In October the OECD published the Secretariat Proposal for a “Unified Approach” (Pillar One) for taxing multinational enterprises, and opened for comments from the public.

The Tinius Trust view the current international tax system as dysfunctional and have forwarded the Trusts comments on the “Unified Approach” proposal to the OECD. The comments reflect the Trusts engagement to create a more level playing field between media businesses competing against the global tech companies.

Read the comments below:

Comments to the OECD Secretariat Proposal for a “Unified Approach” under Pillar One

The Tinius Trust is the largest shareholder of Schibsted Media Group, holding more than 25 per cent of the company’s shares. We work to ensure independent quality journalism through long-term, healthy financial development of the Schibsted Group.

We perceive the current international tax system as dysfunctional. The playing field for media businesses competing against the global tech companies is unlevelled.
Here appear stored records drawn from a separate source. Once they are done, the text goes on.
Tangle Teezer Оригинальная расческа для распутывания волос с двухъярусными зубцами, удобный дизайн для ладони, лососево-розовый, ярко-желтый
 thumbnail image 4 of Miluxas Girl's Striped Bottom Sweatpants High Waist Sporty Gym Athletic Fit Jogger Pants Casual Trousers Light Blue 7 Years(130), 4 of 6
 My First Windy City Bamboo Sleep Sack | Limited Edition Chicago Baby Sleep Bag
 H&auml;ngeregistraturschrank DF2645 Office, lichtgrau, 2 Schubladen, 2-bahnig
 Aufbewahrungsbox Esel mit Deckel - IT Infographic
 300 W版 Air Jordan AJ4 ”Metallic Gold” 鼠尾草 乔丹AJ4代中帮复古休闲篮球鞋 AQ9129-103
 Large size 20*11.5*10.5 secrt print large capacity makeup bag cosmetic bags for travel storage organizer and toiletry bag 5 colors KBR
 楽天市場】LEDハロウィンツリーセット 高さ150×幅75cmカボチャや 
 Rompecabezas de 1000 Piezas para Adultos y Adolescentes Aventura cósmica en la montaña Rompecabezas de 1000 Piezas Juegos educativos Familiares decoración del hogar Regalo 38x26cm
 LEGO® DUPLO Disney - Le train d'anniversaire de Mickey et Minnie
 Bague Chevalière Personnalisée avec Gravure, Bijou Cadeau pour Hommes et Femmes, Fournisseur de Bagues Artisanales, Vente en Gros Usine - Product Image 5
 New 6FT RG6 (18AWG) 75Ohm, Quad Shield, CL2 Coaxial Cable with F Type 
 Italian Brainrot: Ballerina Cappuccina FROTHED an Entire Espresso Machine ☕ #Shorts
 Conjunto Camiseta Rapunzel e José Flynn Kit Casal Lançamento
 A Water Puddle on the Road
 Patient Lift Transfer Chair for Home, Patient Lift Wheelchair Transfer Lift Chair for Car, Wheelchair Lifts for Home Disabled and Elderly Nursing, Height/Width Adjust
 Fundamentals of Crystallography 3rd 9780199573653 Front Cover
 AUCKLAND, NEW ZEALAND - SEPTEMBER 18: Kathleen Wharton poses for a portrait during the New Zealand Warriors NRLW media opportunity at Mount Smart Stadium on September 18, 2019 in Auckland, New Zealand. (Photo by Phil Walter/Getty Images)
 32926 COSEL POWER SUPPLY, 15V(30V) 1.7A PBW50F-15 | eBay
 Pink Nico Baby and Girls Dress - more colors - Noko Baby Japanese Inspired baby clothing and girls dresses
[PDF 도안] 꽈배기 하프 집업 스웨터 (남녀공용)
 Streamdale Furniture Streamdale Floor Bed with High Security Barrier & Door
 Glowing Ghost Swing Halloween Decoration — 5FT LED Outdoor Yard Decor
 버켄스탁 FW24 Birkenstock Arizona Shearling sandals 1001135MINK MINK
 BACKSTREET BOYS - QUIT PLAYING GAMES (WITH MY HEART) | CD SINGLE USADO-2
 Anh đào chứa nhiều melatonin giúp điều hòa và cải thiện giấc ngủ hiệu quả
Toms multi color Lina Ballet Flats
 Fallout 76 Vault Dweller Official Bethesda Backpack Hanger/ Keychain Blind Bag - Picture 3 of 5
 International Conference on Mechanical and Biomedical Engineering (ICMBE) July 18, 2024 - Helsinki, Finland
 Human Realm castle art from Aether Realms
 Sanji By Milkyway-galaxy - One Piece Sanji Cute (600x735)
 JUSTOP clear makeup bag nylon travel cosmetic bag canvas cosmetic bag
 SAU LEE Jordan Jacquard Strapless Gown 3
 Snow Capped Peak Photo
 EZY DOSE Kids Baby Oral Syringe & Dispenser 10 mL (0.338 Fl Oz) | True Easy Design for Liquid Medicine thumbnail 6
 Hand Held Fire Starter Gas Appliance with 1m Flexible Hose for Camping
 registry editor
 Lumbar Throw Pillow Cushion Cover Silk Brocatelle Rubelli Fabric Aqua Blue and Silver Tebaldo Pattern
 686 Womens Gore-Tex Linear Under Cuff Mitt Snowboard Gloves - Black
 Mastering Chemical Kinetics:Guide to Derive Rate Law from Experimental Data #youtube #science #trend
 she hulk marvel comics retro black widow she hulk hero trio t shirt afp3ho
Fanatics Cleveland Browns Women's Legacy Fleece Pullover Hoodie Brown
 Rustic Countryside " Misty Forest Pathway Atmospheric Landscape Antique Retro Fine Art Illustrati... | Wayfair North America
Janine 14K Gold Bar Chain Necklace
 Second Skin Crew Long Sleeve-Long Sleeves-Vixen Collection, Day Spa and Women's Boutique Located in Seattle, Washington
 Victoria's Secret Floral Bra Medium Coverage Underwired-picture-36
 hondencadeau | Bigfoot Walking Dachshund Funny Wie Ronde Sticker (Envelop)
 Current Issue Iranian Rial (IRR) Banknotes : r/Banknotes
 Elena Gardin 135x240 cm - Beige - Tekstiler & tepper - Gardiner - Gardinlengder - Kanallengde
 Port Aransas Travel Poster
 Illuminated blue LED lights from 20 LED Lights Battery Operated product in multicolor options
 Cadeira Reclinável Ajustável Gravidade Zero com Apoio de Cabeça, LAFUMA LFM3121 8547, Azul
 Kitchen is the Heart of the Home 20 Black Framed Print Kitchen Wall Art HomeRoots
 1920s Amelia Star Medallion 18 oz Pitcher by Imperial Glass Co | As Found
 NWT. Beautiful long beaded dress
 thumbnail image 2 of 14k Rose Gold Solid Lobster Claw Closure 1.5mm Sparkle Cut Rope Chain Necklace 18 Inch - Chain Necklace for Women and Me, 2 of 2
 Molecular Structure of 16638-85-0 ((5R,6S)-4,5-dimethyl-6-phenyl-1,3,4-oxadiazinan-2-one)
According to 2018 figures from the European Commission, global tech businesses pay a 9.5% average tax rate compared with 23.2% for traditional firms. Through this tax system and their documented breaches of European competition rules, the global tech giants in our opinion gain financial benefits at the expense of media groups.

In 2018, Google Norway paid NOKm 4 in taxes, Facebook Norway paid NOKm 2,9. Schibsted paid NOKm 264 last year. According to estimates for 2019, Facebook and Google controls 80 % of Norway’s digital ad market (revenue).

On this background, we appreciate the “Unified Approach” proposal. We find it innovative and a positive move towards new tax policies in the digital economy. However, we fear the sheer complexity of the proposal will delay an effective implementation.

We welcome adjustments in the proposal on two areas:

  1. Profit reallocation: Due to the complexity of the proposed three-tier profit allocation, we fear only minimal amounts of tax revenue will be allocated to the countries where users of global tech businesses are domiciled. If the tax value of the proposal turns out to be minimal, it will continue to undermine the trust in a global tax cooperation within the digital economy.
  2. Risks of double taxation: The three-tier profit allocation mechanism must not result in any double taxation. We believe amount A and B should have a correlation, such as amount B and C. Furthermore, relief for losses must be included. We encourage the OECD to address and solve double taxation issues between the three types of taxable profit.

In addition to the work within OECD, we acknowledge unilateral approaches by some EU-countries to the digital tax challenge. These initiatives introduce a continuous pressure on the international process moving forward. They also bring legitimacy to national tax systems in the absence of an international agreement and a more level playing field. However, as soon as an OECD-proposal reaches a common agreement, these unilateral approaches should be replaced.

The fierce competition within the media and information business should mainly be fought through sustainable, innovative business development. Today’s dysfunctional tax system unfortunately makes this competition unfair and unjust.

Signed by Ole Jacob Sunde, Board Chair of the Tinius Trust, and Kjersti Løken Stavrum, CEO of the Tinius Trust.